The annual report calls for these problems to be confronted head-on through targeted job-creation programs and expansion of small-business loan programs. Besides perfunctory remarks in an essay by Education Secretary Arne Duncan about education being the civil rights issue of this generation, the report offers no meaningful solution to the widening education and achievement gap between the races. With the nation still reeling from massive unemployment bequeathed by the Great Recession (December 2007 through June 2009), the report’s main focus is jobs. Overall, the country lost eight million jobs during the longest and deepest recession since the 1930s and that was on top of the two to four million jobs never recovered after the previous recession in 2001. The last 10 years have been referred to as the “lost decade” and labor economists are beginning to see a striking similarity between that decade and the current one: a jobless recovery. “Based on data for 2008 and 2009, the statistics on unemployment, earnings, poverty and homeownership in this year’s economic index capture some of the effects of the Great Recession,” says the Urban League report.
The League’s data show a serious job crisis throughout the country, but more especially in Black America. The recession pushed up the unemployment rate among Blacks by 4.7 percent to 14.8 percent, compared to white unemployment, which rose 3.3 percent to 8.5 percent last year.
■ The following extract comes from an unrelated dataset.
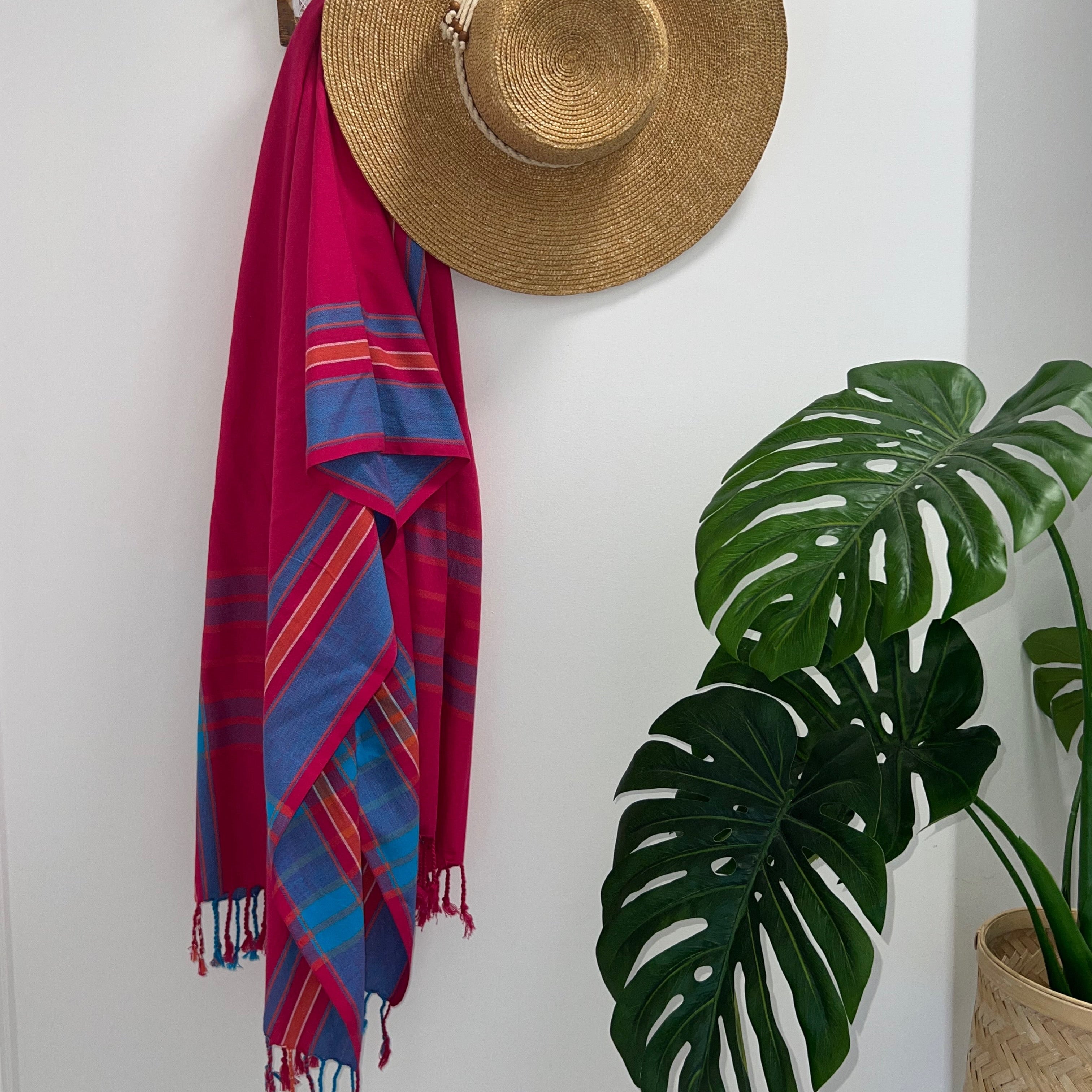 Red Turquoise & Orange Throw Rug on wall hook with straw hat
Among Hispanics the rate was 12.1 percent.
Because of the job disparity, the median Black household income fell 3 percent to $34,218 last year, compared to $55,530 for whites and $37,913 for Hispanics. These disparities are reflected in homeownership, poverty and health-insurance rates. Less than half of Black and Hispanic families own a home — 47.4 percent and 49.1 percent, respectively — compared to 75 percent for whites. Blacks and Hispanics are also more than three times as likely as whites to live below the poverty line. And since wealth and poverty are often passed on intergenerationally, the already huge impact of the ongoing home foreclosure crisis will persist for years and probably widen the racial gap, the report says.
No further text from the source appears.